With keys representing the query and values representing the documents that the query appeared in, and the list would be sorted in descending order of total term frequencies

Asked By: Julien

||

Answers:

Map queries to document vectors

A document vector is a dict with items (document, word_count). These vectors can be added together by summing the word count for matching document keys with a default word_count of 0.

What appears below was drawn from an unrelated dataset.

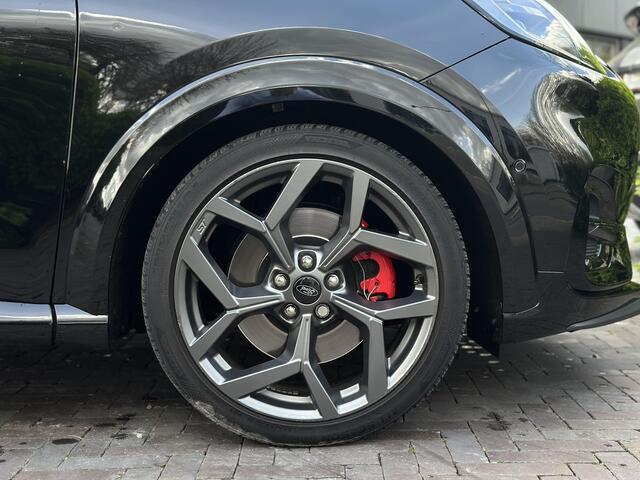 Ford PUMA 1.5 EcoBoost ST-X Schaalstoelen B&O Stuurverw. LED 19''LM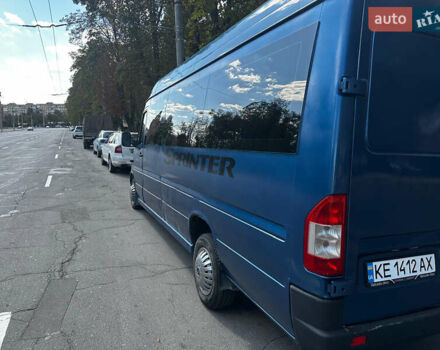 Мерседес MB-Class 1997 в Кривом Роге на Automoto.ua Мерседес MB-Class, объемом двигателя 2.9 л и пробегом 190 тыс. км за 5700 $, фото 2 на Automoto.ua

CONVERT INDEX TO DOC VECTORS

full_index = {
    'experiment': {'d1': [1, [0]],  'd30': [2, [12, 40]],  'd123': [3, [11, 45, 67]] } ,
    'study': {'d1': [1, [1]], 'd2': [2, [0, 36]],  'd207': [3, [19, 44, 59]]}
}

def count_only(docs):
    return {d: occurences[0] for d, occurences in docs.items()}

doc_vector_index = {w: count_only(docs) for w, docs in full_index.items()}

MAP LIST OF QUERY WORDS TO LIST OF DOC VECTORS

for q, words in queries.items():
    vectors = [doc_vector_index[word] for word in words if word in doc_vector_index.keys()]

SUM DOC VECTORS AND SORT

def doc_vector_add(ldoc, rdoc):
    res = ldoc.copy()
    for doc, count in rdoc.items():
        res[doc] = ldoc.get(doc,0) + count
    return res

for q, words in queries.items():
    vectors = [doc_vector_index[word] for word in words if word in doc_vector_index.keys()]
    total_vector = dict(sorted(functools.reduce(doc_vector_add, vectors, {}).items(), 
        key=lambda item: item[1], 
        reverse=True))
    output[q] = list(total_vector.keys())

The summation of doc vectors is handled using reduce functools.reduce(doc_vector_add, vectors, {}). This produces the doc vector that is the sum of the individual vectors for each word in the query. sorted is used to sort the keys of the vector.

LIMIT TO TOP N DOCUMENTS

max_doc_limit = 10
output[q] = list(total_vector.keys())[:max_doc_limit]

Limiting the documents can be handled by slicing before assigning to the output.

ORDER BY COUNT DESC, DOC_ID ASC

sorted(...,key=lambda item: (item[1], -1*int(item[0][1:]),...)

We can change the sorting order of the output by changing the key function passed to sorted. We use a trick of multiplying the second element in the tuple by -1 to reverse the order from descending to ascending.

Answered By: SargeATM